The Tonda GT has an appealing, original look that most crucially avoids looking derivative, an easy pitfall in the integrated-bracelet sports watch segment. And despite being one of the many such sports watches, the Tonda GT stands out with its own style that is inspired by Parmigiani’s dress watches, resulting in a look that’s best described as curious but attractive.

The Tondagraph’s case and bracelet are neither angular nor complicated as some of its rivals are, but are still executed with flair, exemplified by the tear-drop style lugs and fluted bezel. Notably, the end links of the bracelet echo the shape of the lugs, giving the watch a distinctive look, but admittedly leave the bracelet looking less integrated.

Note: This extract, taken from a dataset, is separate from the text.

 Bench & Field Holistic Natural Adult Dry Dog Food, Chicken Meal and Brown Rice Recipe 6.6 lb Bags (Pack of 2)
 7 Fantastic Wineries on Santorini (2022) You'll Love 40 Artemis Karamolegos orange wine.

And the detailed dial finish also helps set it apart from competitors. All in all, the case and dial are high quality, as is typical of Parmigiani, which has sister companies that specialise in those components.

At 42 mm wide, the Tondagraph is well sized for a modern sports chronograph, but also fairly thin. Though it’s around 14 mm high, depending on the version, the case diameter and design gives it a sleek profile on the wrist such that it sits well.

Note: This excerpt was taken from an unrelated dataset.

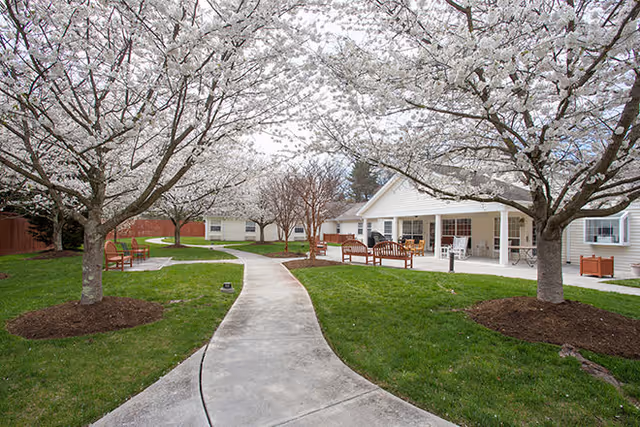 A paved walkway curves through a green lawn with blooming cherry blossom trees on either side. Wooden benches are placed along the path. In the background, there is a single-story building with a covered porch and outdoor seating.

The size also means the sub-dials are properly spaced out and legible. And telling the date has been made even easier with a double-digit display at 12.

Among high-end sports watches, the Tondagraph GT is modestly priced, especially the steel variant with an annual calendar. In fact, it’s arguably a value proposition considering Parmigani well-deserved reputation for quality. While the Tonda GT does not have a strong historical lineage like it rivals, the refined execution makes it a compelling offering.

Steel “Panda”

The Tondagraph GT with an annual calendar was originally launched as a 200-piece limited edition last year. It had a black dial with orange accents, giving it a fairly subtle look.

The new version, however, dials up the contrast with a “panda” dial – black registers against white – an instantly attractive formula for a sports chronograph that brightens up the watch.

Despite having an annual calendar, the dial is relatively clean. The big date sits under 12 o’clock, while the month indicator is smartly tucked in the the sub-dial at three o’clock.

Last year’s Tondagraph GT

Inside is the cal. PF043, an extremely complicated movement with over 400 parts – it is, after all, an annual calendar chronograph with big date – but not integrated. Instead, the movement is modular, with the base calibre having the chronograph mechanism and calendar plate on top, sitting just behind the dial.

While functionally identical to an integrated movement, the modular construction is more cost effective, partly explaining the steel Tondagraph’s affordable pricing.

The PF043

Gold “Panda”

At first glance, the gold version looks identical to the steel model, but it is intrinsically different. Beyond the material, the gold “Panda” is powered by the cal. PF071, a sophisticated calibre that lacks the annual calendar but is an integrated construction with high-end features like a free-sprung balance secured by a full bridge.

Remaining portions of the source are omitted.